Twins: Homer Bailey, SP. The Twins don’t have many sleeper candidates since virtually all of their hitters had big seasons last year, so we really had to reach for this one. Bailey had a decent bounce-back campaign in 2019, splitting time between Kansas City and Oakland and posting a 4.57 ERA, 1.32 WHIP and 8.2 K/9 ratio. Obviously, those aren’t great stats, but his advanced numbers (4.11 FIP) and peripherals (2.9 BB/9 ratio, 1.2 HR/9 ratio) paint a little better picture. After a full season of health, Bailey could find success like Jake Odorizzi and Kyle Gibson did early on with the Twins last year.

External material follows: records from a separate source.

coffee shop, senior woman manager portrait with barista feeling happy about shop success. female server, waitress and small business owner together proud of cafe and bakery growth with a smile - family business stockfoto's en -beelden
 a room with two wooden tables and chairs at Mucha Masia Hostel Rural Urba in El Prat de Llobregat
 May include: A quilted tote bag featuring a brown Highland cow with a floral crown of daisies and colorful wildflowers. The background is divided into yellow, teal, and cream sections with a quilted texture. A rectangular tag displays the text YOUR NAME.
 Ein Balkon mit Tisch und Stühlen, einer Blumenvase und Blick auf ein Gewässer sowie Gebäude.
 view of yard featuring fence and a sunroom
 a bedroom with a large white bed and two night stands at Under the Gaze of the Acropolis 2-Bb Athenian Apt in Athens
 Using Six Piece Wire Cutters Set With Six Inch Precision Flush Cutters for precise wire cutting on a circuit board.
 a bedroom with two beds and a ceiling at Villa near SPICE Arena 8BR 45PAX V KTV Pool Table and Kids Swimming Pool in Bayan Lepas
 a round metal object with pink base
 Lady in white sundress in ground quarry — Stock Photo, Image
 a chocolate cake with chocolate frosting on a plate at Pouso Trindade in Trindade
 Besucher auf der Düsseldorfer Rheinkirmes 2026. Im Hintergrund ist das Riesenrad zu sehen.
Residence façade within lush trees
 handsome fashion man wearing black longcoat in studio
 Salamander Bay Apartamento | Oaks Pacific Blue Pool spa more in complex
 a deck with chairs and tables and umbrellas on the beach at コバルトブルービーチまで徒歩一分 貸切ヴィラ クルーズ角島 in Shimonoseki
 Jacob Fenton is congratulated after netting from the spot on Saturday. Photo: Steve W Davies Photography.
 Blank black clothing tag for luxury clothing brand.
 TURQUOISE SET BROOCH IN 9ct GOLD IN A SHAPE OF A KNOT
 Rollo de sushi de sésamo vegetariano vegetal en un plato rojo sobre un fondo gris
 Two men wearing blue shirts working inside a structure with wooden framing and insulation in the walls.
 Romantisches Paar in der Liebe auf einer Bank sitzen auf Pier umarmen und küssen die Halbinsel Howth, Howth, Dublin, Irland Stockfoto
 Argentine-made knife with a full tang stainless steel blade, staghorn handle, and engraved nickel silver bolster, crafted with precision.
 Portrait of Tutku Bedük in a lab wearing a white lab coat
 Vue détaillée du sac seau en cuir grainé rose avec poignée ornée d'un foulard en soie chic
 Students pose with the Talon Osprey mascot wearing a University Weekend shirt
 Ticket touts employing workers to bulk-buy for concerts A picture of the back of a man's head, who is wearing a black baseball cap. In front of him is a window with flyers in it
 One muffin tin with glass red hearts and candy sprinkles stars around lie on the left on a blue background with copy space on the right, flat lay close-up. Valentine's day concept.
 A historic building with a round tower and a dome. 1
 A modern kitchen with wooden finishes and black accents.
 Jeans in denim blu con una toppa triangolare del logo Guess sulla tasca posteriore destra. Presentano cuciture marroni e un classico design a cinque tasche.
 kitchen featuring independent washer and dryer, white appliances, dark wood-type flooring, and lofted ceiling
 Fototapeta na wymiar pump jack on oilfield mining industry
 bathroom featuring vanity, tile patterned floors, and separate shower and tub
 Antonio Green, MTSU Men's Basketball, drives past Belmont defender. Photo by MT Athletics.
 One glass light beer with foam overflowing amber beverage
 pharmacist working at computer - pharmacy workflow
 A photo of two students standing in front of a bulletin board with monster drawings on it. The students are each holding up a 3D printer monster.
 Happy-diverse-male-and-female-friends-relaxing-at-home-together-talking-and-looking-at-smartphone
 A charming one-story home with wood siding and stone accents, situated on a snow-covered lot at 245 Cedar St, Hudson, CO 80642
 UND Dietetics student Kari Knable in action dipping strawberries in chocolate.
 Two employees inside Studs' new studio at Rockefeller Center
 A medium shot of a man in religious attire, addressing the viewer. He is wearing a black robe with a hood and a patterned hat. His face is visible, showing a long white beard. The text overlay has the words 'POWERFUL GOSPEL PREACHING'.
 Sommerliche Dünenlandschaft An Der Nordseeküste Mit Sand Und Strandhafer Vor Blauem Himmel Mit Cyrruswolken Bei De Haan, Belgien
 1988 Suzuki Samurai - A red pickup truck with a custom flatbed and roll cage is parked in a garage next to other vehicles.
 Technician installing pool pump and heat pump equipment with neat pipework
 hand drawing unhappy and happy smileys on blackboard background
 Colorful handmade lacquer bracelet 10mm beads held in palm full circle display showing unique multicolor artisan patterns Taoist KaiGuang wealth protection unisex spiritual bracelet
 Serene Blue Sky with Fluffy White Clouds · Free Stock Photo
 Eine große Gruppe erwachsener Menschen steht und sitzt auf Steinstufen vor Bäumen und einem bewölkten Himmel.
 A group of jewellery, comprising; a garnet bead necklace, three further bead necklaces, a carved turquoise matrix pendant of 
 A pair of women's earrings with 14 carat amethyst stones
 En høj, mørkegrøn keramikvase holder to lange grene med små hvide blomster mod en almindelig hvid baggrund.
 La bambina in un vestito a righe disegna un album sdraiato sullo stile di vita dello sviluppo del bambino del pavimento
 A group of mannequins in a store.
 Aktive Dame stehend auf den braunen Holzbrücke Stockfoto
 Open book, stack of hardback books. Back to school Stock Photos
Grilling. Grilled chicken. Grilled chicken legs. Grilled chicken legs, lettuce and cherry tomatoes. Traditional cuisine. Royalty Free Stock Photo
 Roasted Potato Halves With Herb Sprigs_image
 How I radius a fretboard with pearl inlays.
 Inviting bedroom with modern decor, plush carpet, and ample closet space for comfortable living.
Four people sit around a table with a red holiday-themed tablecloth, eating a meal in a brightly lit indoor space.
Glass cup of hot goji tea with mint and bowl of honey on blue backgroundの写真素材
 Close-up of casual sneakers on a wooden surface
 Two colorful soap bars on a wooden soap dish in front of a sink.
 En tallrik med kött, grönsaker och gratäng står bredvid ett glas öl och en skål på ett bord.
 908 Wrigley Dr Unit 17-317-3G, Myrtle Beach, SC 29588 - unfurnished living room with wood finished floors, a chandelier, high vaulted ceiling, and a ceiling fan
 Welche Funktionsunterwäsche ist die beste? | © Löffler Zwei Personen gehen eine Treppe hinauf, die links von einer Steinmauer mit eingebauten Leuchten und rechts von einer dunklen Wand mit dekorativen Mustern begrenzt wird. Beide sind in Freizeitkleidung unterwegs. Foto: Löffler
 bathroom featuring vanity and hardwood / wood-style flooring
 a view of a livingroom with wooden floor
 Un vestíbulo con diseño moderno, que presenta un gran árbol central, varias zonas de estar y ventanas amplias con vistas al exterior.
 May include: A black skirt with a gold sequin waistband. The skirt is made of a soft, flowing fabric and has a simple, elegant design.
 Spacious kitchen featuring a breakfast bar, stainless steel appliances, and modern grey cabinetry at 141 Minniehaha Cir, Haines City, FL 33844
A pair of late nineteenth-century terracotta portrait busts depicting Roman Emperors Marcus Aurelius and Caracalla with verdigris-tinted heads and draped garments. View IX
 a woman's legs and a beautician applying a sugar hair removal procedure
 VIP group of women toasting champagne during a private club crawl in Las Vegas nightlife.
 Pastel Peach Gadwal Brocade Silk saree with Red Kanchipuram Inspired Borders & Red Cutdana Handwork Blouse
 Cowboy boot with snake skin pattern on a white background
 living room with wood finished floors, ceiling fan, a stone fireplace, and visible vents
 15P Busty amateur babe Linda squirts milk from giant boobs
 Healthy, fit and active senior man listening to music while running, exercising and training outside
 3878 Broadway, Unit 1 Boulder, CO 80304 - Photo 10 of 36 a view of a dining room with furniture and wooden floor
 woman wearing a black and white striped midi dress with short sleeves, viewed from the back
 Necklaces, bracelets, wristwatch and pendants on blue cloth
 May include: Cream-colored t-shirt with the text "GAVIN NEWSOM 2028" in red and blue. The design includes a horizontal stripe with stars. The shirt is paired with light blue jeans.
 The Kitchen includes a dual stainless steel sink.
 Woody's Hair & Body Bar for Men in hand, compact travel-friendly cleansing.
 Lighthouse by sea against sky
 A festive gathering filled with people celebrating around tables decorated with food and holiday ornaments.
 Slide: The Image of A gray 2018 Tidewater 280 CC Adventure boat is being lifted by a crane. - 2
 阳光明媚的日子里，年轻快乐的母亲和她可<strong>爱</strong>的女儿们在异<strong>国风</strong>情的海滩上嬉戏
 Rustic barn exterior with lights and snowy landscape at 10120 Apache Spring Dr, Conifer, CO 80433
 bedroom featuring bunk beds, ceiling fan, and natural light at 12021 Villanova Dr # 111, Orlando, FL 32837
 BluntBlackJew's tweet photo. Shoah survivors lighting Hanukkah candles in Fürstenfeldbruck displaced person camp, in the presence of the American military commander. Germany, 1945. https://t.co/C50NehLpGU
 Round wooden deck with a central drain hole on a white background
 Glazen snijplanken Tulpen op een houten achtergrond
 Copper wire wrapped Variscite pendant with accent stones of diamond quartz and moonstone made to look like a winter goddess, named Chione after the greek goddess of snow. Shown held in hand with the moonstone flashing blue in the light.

White Sox: Dylan Cease, SP. Cease struck out 81 batters in 73 major league innings last year, but his high BB (4.3) and HR (1.9) rates inflated his ERAs and WHIP. Over five minor league seasons, the 24-year-old righty posted a 3.73/1.23 line with an 11.4 K/9, and even that was inflated by a mediocre half-season at Triple-A. Given his age, it’s fair to wonder if Cease can put it all together at the major league level or if he’s more of a “quad-A player”, but if nothing else, he’ll be a cheap source of strikeouts. If he can find his lower-level form, he has breakout potential.
Yankees: Miguel Andujar, UTIL. Andujar missed all but 12 games last year because of a right shoulder injury, but he’s healthy and ready to go this season. The Yankees’ offense has only gotten more crowded since Andujar last played, as Gio Urshela has established himself as the everyday 3B and guys like Mike Tauchman and Clint Frazier are looking for places to play. Andujar should still have the inside track on the everyday DH job, though, and we saw his upside in his rookie campaign when he hit .297 with 27 HRs and 92 RBIs. If he can stay in the lineup and replicate that form, he’ll far outpace his ADP, even if he remains only UTIL-eligible.